F**king Run is, like all the multiplayer modes in FEAR 3, a lot of fun to play. The constant pressure of the wave at your backs gives each match an urgency and drive that elevates it above other co-op modes, at least in tone. It's inventive and interesting, and it isn't the only multiplayer mode in FEAR 3 that feels that way. However, that just makes the crassness of the name and the generic design of most of the maps even more of a pain; it's such a good idea that should clearly feel better than the reality, or at least like less of a guilty pleasure.
Fortunately, underneath all the needless swearing and the increasingly hole-ridden plot, FEAR 3's gory scaffolding is sound.
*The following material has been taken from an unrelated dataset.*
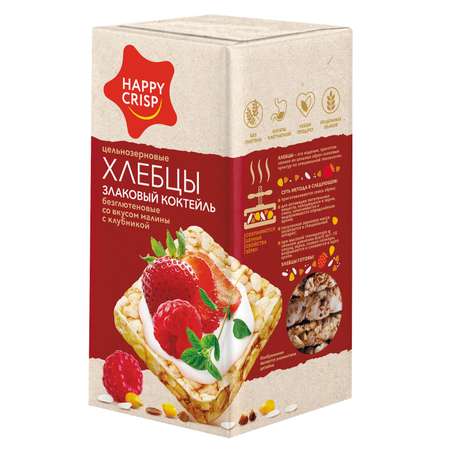 Хлебцы Happy Crisp Злаковый коктейль малина с клубникой 15 шт по 60г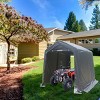 7x12 FT Outdoor Heavy Duty Metal Storage Shelter Shed,Carport With 2 Roll Up Zipper Doors,Patio Portable Garage Kit Tent-Coolbibila - 2 of 4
It's easy to look at FEAR 3 and point out where it's trying too hard or where it fails to live up to its full potential, but it's hard to say that these factors make it a bad game. It isn't
a bad game.
The reason for this is, again, the violence and the feel of enacting that violence. Shooting enemies in FEAR 3 is a lot of fun, especially when you can slow the game down to such a degree that you can appreciate every moment of it individually. The returning mecha-robots and the steadily unlocked hand-to-hand moves add yet more appeal on top of that, and the co-operative campaign, while basic, is a cherry on the cake.
It's still ultimately disappointing that FEAR 3 isn't at all scary, and that it cheapens itself with attention-grabbing swearing, which drags down the experience – and the score. Yet these disappointing elements don't wholly diminish the pleasure of playing in FEAR 3's hyper-violent sandbox.
Gunplay that is this fluid – Run! Slide under obstacles! Jump! Slow-mo! Shoot those grenades! Kick that guy! – takes a long time to get old. Those hoping for a sophisticated and thrilling horror will be severely disappointed, but those who'll be happy with just a quite good shooter will be pleasantly surprised indeed.